From Fribbles to finance

On March 12, 2011, in Latest News, by The Somerville Times

On The Silly Side by Jimmy Del Ponte

(The opinions and views expressed in the commentaries of The Somerville News belong solely to the authors of those commentaries and do not reflect the views or opinions of The Somerville News, its staff or publishers.)

As I walk and drive through the streets of Somerville during my busy day, I pass by many places that had former lives. When you have lived in the same house in the same city for almost 60 years, you see a lot of changes. There is a sign in the window of one store that says, “All you can eat Sushi.” It’s in the block of a few stores that used to sell submarine sandwiches, and hamburgers and white chocolate and barley pops. To this day, the smell of an Italian sub takes me back to that sub shop near Powder House Park. It was called Bella Meos and the candy shop next door was Louds.

My eyes are like a camera that sees one object, but then sends bits of information to my brain that translate those images into memories. I must pass by the bank at the corner of Highland Avenue and Cedar Street at least four times a day. Lifelong Somerville residents remember back in the day when that bank was a Friendly’s restaurant.

You may recall trudging up the hill on Cedar St. and placing an order at the take out window. Maybe you got fries and a Fribble or a cone for 15 cents. A Jim Dandy sundae also hit the spot. I can remember walking home from Somerville High School in the 1970’s and stopping at Friendly’s. We would milk a milk shake for an hour just so we could hang around with our friends in there. We went there instead of church, and I am sure some kids were there instead of being in school. You had to be careful not to get a face full of Aqua Net when one of the girls turned her head too quickly.

Often  members  from the summer theater program known as Project STAR used to stop in after rehearsals. They would sing the songs from whichever show they were  performing that season.  It was the place to go after basketball games at Somerville High School. After the game, kids would walk down to Friendly’s and spend the rest of the night there. Anyone who was a kid in the 70’s has fond memories of that Friendly’s restaurant on Highland and Cedar.
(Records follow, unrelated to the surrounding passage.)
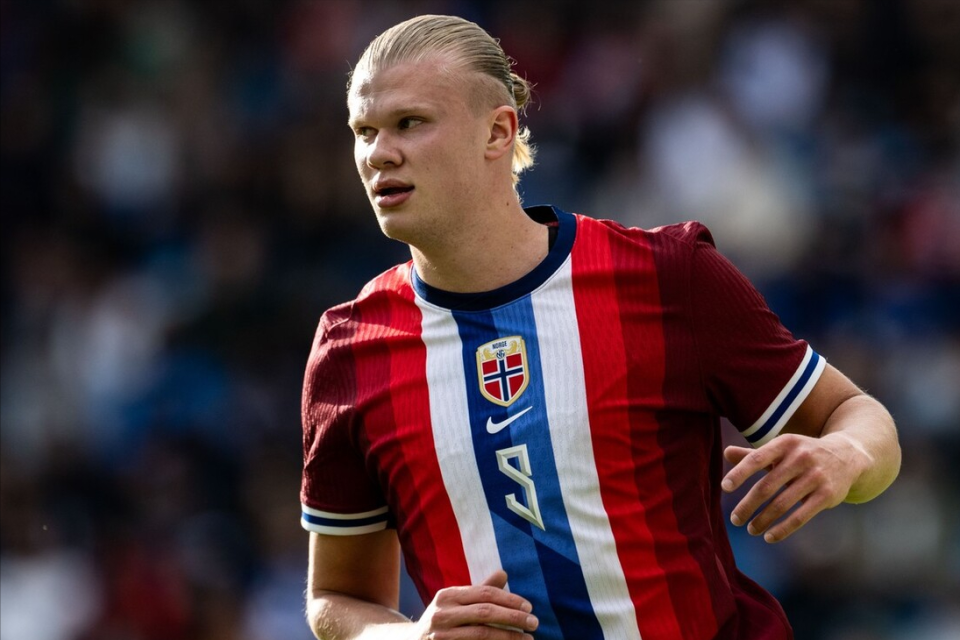 电竞不只是 电竞不只是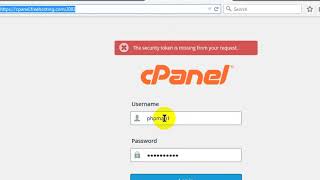 Php Server Wapsite Creating Part 5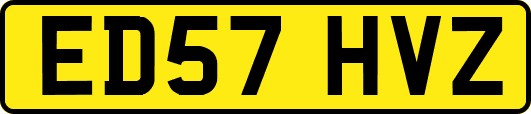 ED57HVZ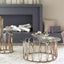 Monett - COFFEE TABLE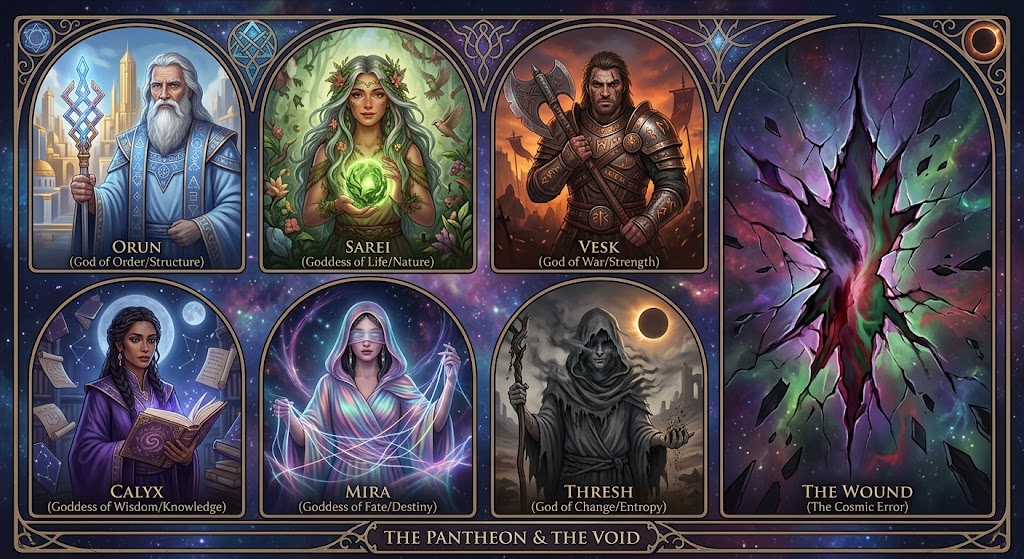Preview of Errata
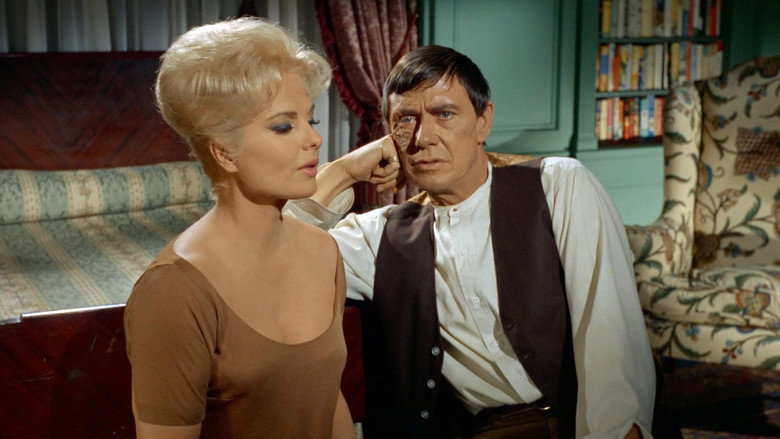 Image d'arrière-plan 8 du film Picture Mommy Dead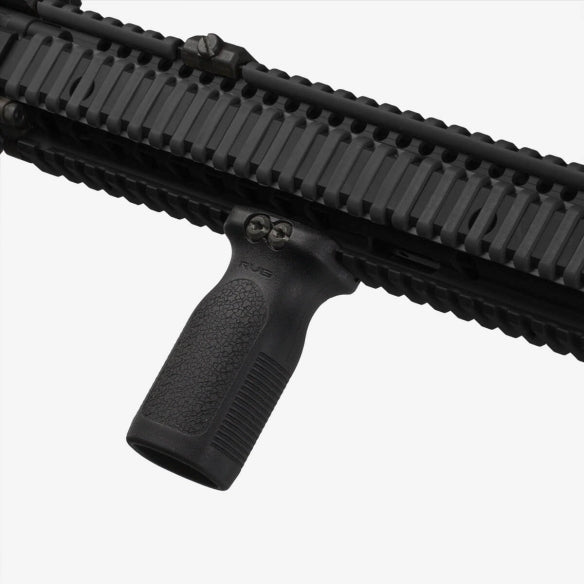 Magpul USA RVG Rail Vertical Grip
Cedar Street used to have another great ice cream place. To be precise, it was near the intersections of Morrison Ave and Cedar. Today, it is the site of a  dry cleaner and laundry. Back then it was a Dairy Queen. So it went form a place your clothes got stained, to a place where they get stains out. You could get a Mr. Misty, which was like a Slurpee from what I remember. The lime Rickey’s were very refreshing after spending a morning at Trum Field running around and playing ball. I used to love getting a Blizzard. It was soft serve ice cream  with toppings such as Heath bar and Oreo cookies. Many of us kids got a “brain freeze “ from those yummy treats at  DQ.  If you go into the cleaners today, you can see the great old photo of the Dairy Queen that once graced the location.

When I drive through Davis Square up Summer Street the smell of fresh ground coffee fills my memory banks. The building on the right hand side directly across from the Dilboy Post and bank used to be an A&P store. I can still see the cement floor and coffee grinding machines. The whole place smelled like coffee. Eight o’clock coffee to be exact. Remember the red package? The smell of ground coffee still reminds me of the A&P.

At the bottom of the steep hill known as Liberty Road, that runs out to Morrison Ave, there is a big brown house. It wasn’t always a house. It used to be Oscar’s variety  store. Maybe it was officially called Liberty Market or something but to us it was Oscar’s. He owned the place where we go our penny candy an Cokes. Legend has it that he had a heart attack chasing an adolescent thief up the steep street  that my kids named “Dead Man’s Hill.” Nevertheless, what was once a small square building was transformed into a huge house thanks to attached roofs, and garages and lots o renovation money. It will always be Oscar’s to me. It will always bring back the taste of mint-juleps, Bazooka bubble gum, and Twinkies.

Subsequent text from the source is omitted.